(What is expected) All lines below between the line with "Christian Dior Drawstring" and the line with "Bob Mackie size L embroidered Jean shirt NWT", including both, must be copied exactly, and the pictures must be omitted.

Dataset entries START

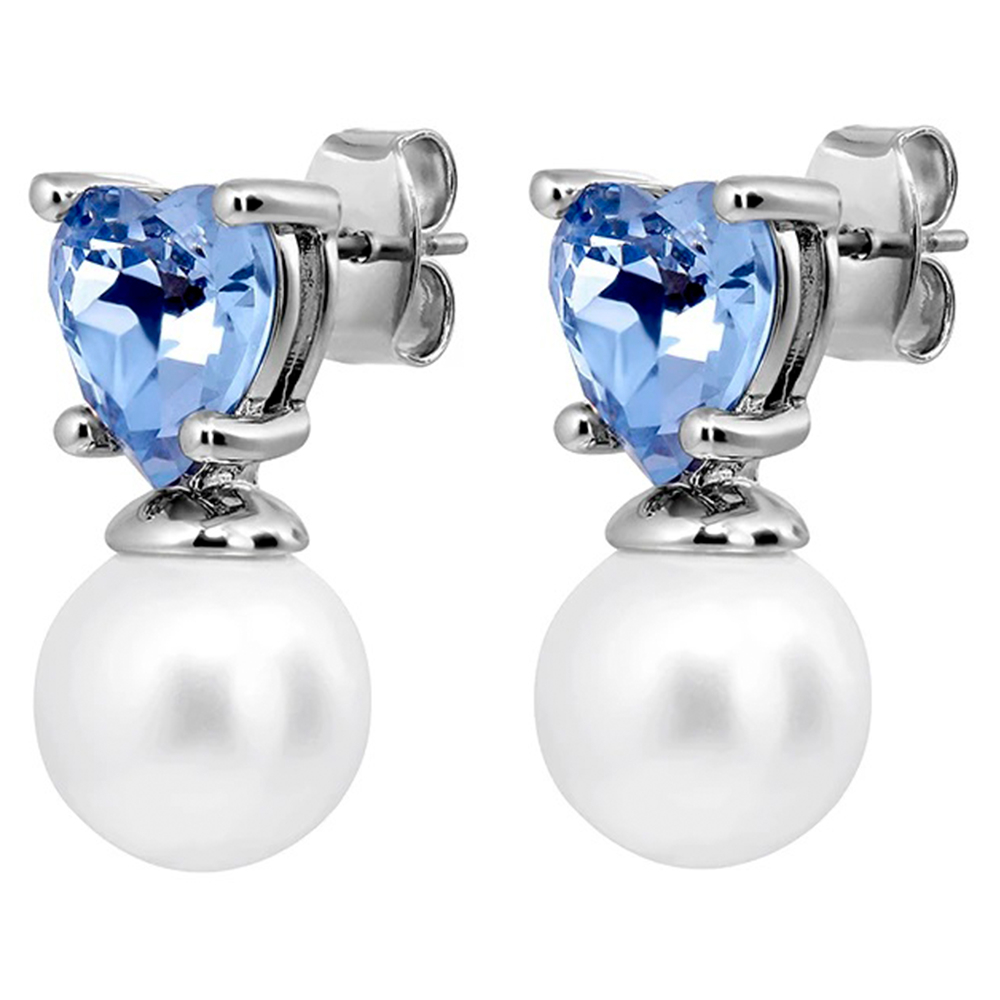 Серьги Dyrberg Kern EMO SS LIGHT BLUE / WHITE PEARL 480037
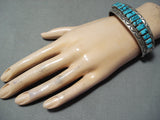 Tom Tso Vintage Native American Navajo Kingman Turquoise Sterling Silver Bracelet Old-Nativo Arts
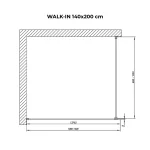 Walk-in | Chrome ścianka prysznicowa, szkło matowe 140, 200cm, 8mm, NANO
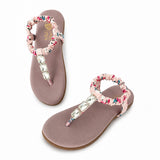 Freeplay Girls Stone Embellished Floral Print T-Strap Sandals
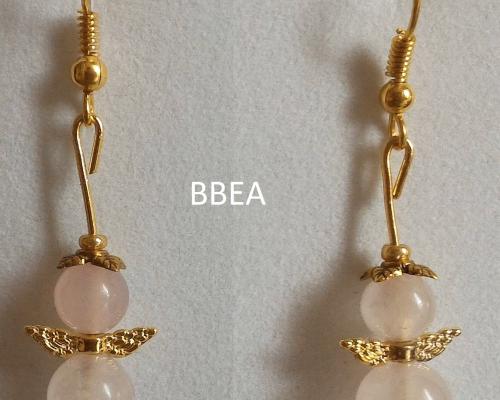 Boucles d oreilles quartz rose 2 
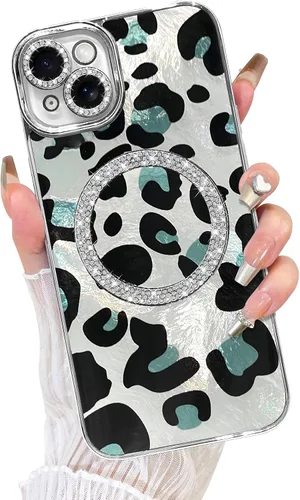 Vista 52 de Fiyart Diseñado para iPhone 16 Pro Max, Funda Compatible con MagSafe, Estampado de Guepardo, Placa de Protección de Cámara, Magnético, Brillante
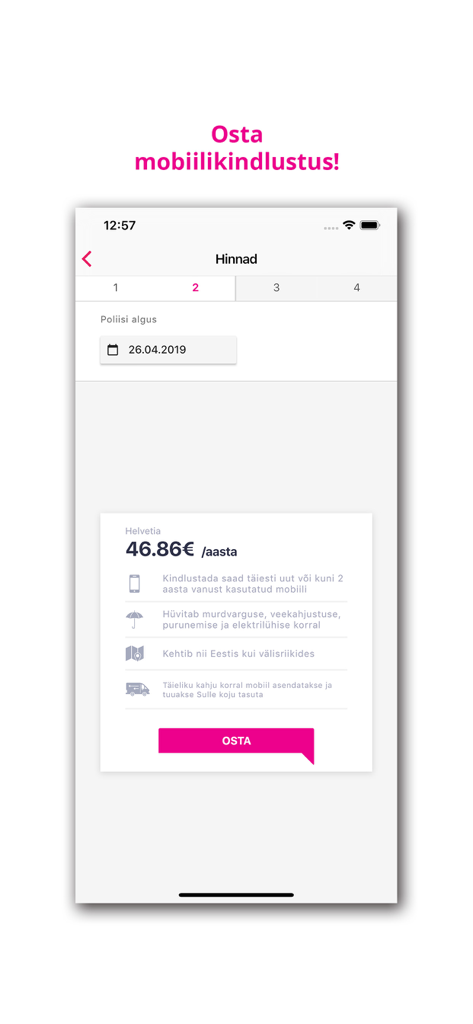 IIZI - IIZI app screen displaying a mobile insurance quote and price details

Dataset entries END
Dataset entries START

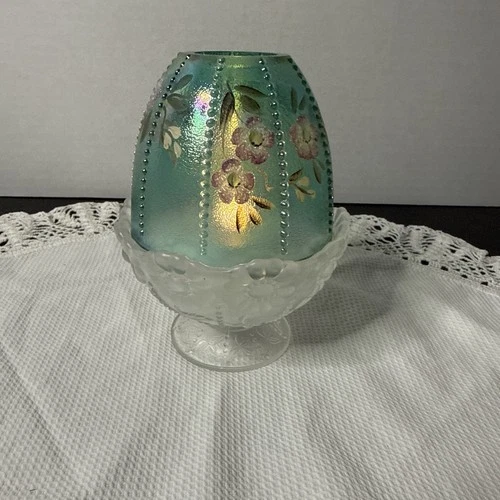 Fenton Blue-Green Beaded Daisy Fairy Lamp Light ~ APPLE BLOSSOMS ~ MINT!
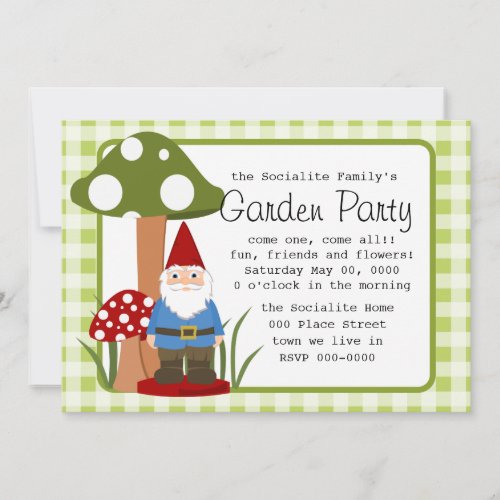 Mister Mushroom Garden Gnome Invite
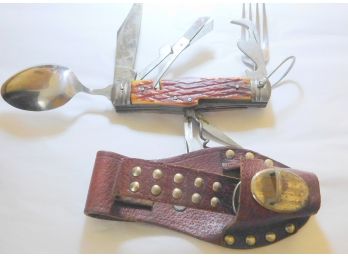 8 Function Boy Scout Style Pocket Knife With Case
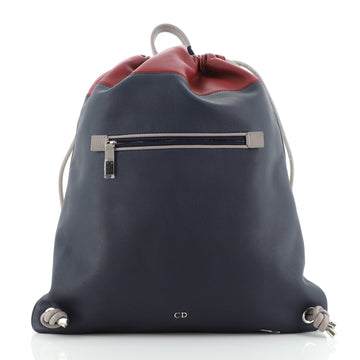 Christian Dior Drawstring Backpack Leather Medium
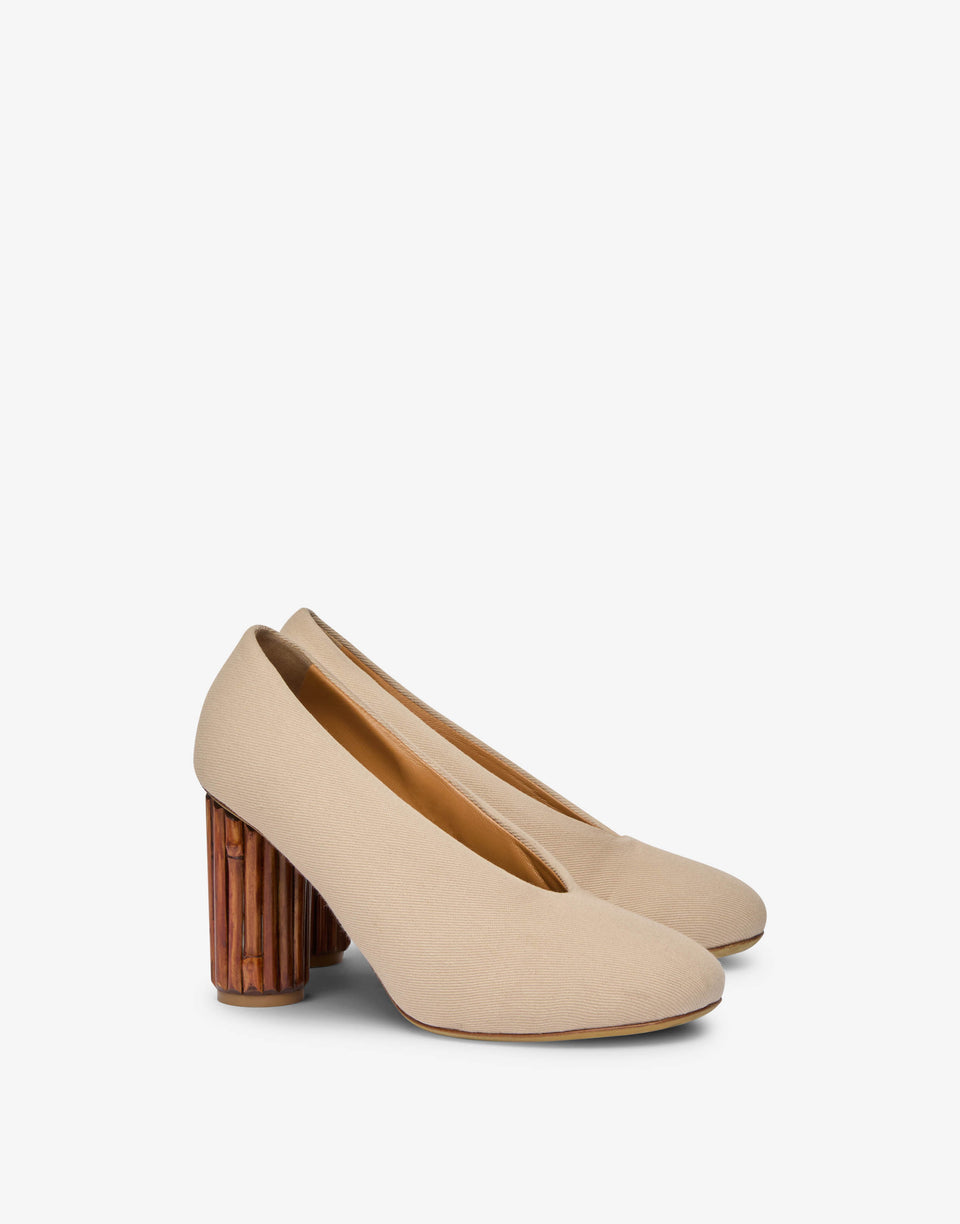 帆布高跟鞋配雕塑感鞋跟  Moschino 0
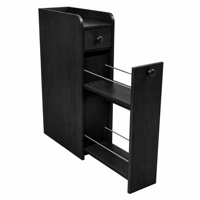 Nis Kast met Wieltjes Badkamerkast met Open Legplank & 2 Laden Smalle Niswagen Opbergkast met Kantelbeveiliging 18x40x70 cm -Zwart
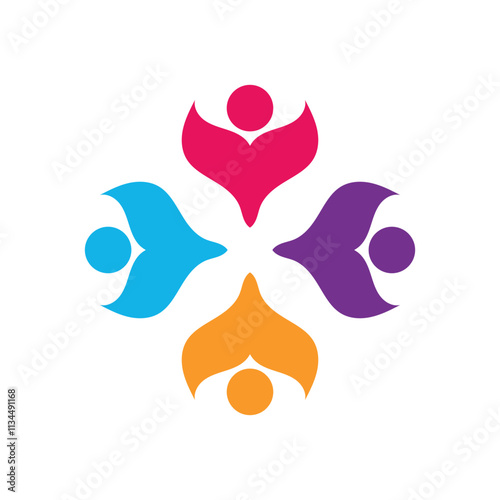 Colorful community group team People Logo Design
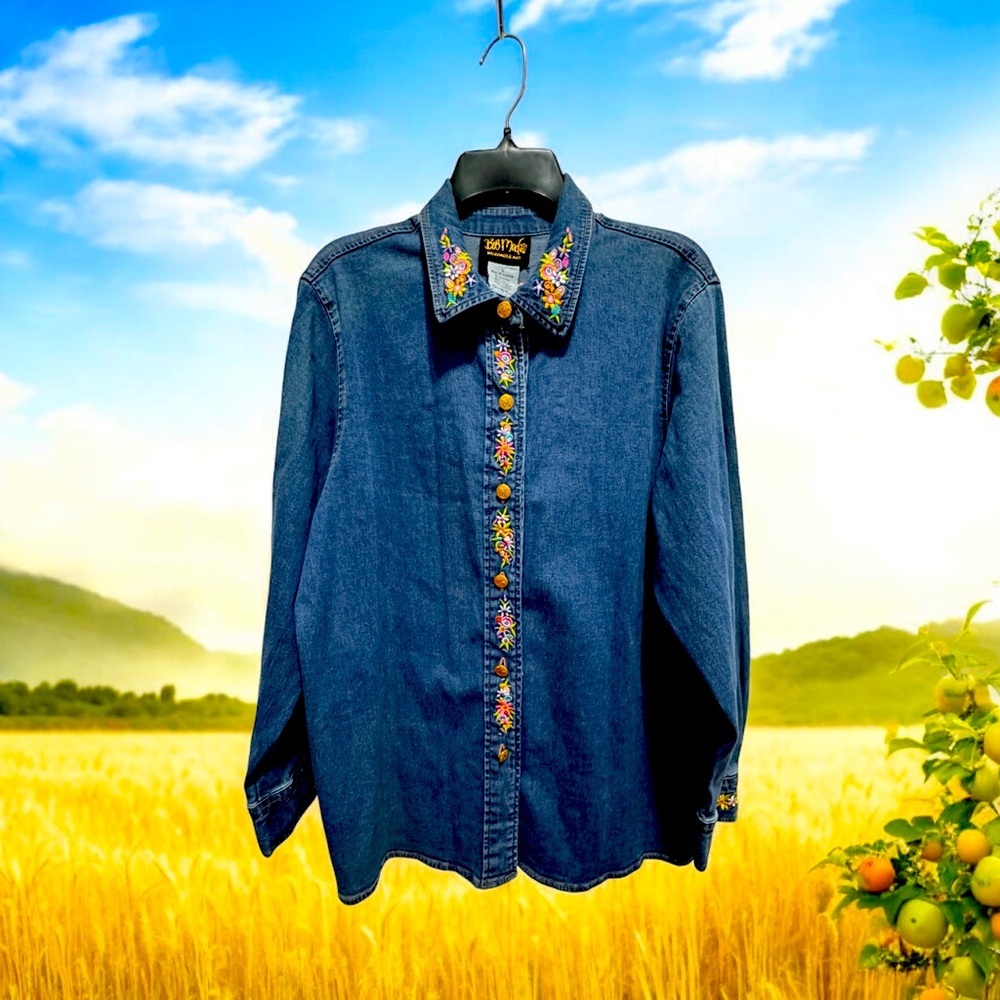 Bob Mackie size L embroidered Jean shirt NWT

Dataset entries END

(Response below)
 Christian Dior Drawstring Backpack Leather Medium
 帆布高跟鞋配雕塑感鞋跟  Moschino 0
 Nis Kast met Wieltjes Badkamerkast met Open Legplank & 2 Laden Smalle Niswagen Opbergkast met Kantelbeveiliging 18x40x70 cm -Zwart
 Colorful community group team People Logo Design
 Bob Mackie size L embroidered Jean shirt NWT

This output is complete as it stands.